### Work instructions
Your copy should match the listing below word for word, with no images in it.
The data below:
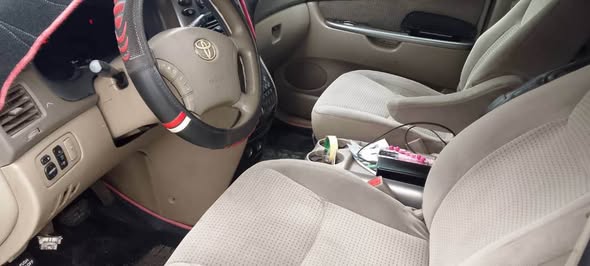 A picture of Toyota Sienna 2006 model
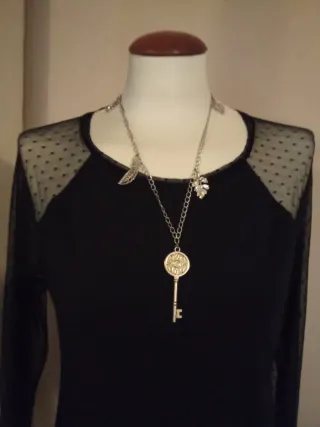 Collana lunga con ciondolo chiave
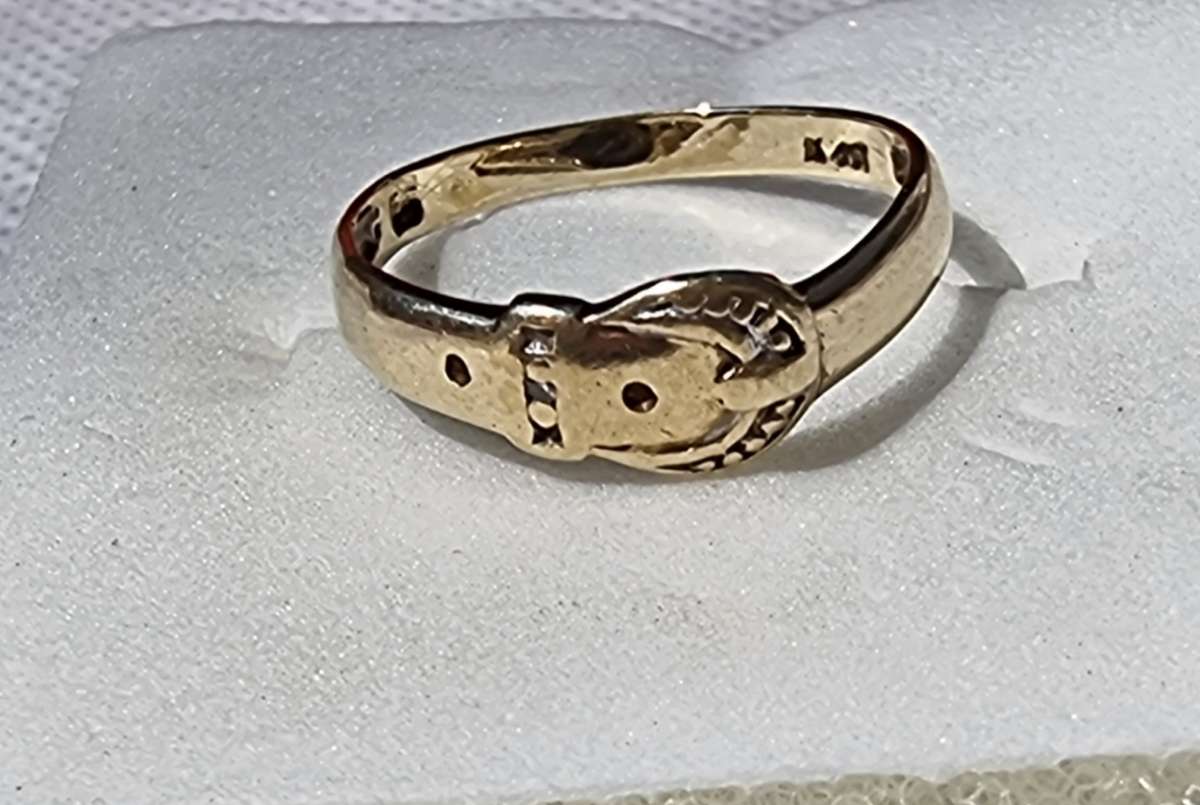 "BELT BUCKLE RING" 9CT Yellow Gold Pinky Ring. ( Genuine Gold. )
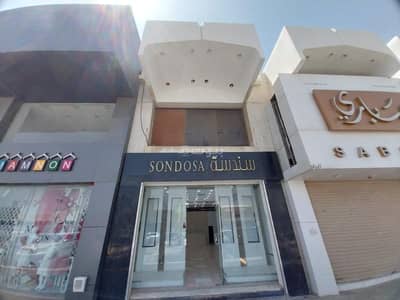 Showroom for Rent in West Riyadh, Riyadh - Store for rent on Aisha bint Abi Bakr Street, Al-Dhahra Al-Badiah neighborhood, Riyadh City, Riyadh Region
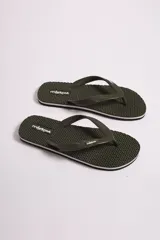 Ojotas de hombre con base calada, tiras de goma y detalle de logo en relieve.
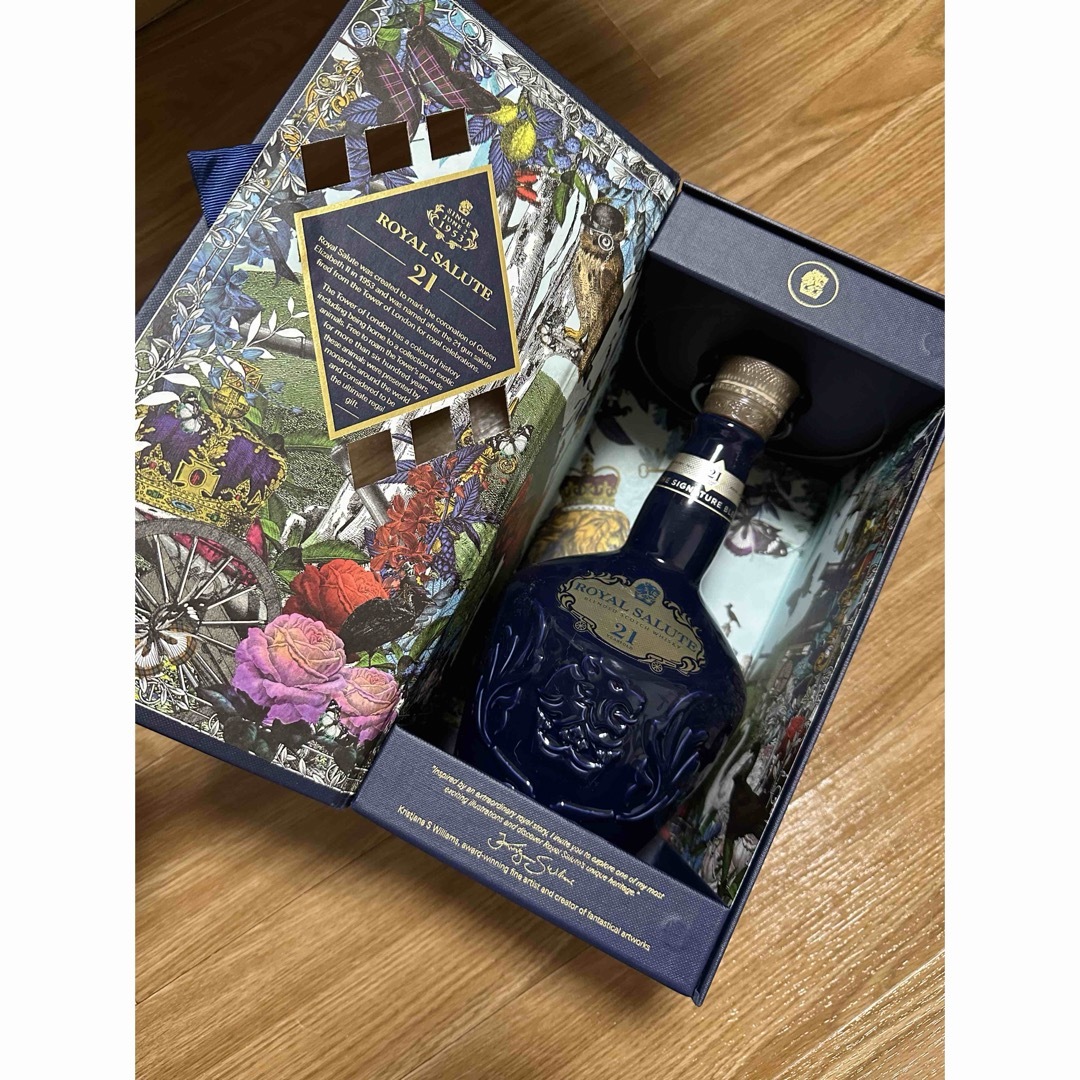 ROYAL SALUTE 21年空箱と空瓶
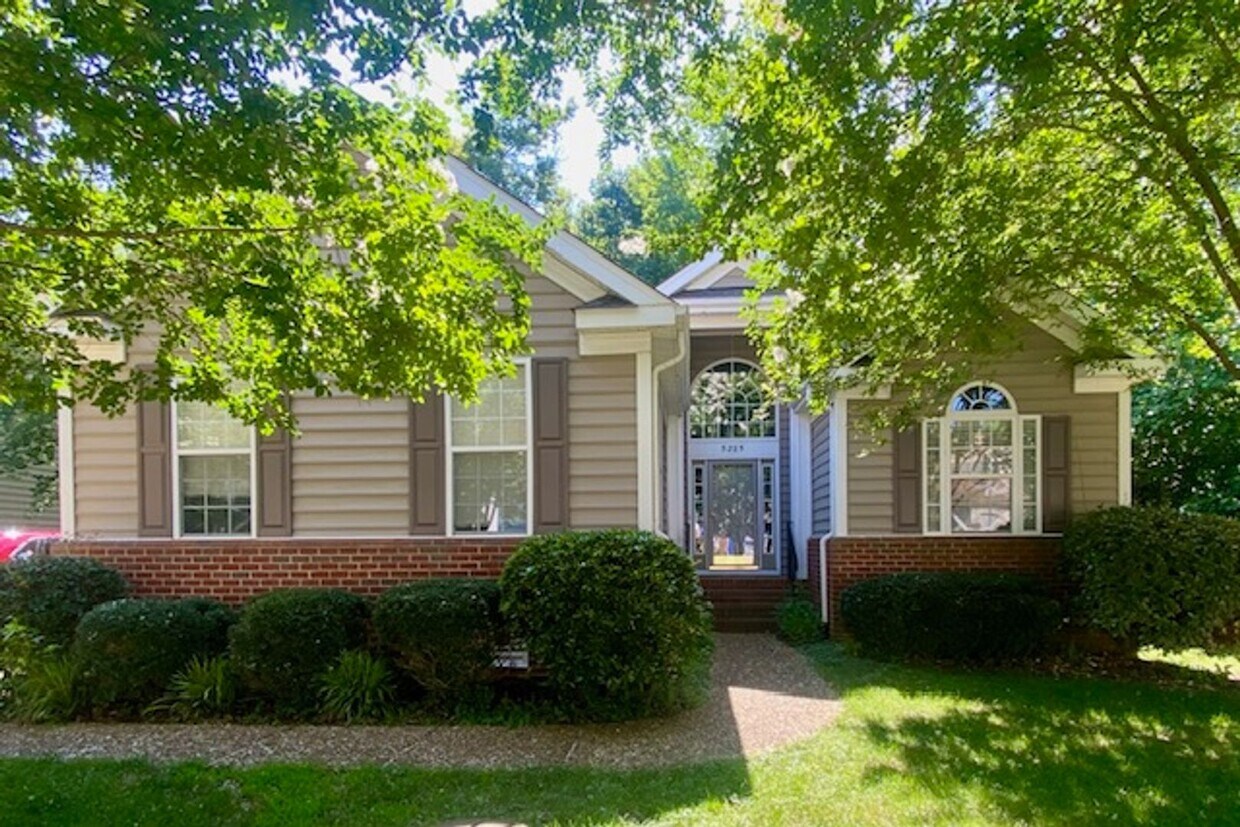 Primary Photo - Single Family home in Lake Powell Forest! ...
End of The data.
### Reply
 A picture of Toyota Sienna 2006 model
 Collana lunga con ciondolo chiave
 "BELT BUCKLE RING" 9CT Yellow Gold Pinky Ring. ( Genuine Gold. )
 Showroom for Rent in West Riyadh, Riyadh - Store for rent on Aisha bint Abi Bakr Street, Al-Dhahra Al-Badiah neighborhood, Riyadh City, Riyadh Region
 Ojotas de hombre con base calada, tiras de goma y detalle de logo en relieve.
 ROYAL SALUTE 21年空箱と空瓶
 Primary Photo - Single Family home in Lake Powell Forest! ...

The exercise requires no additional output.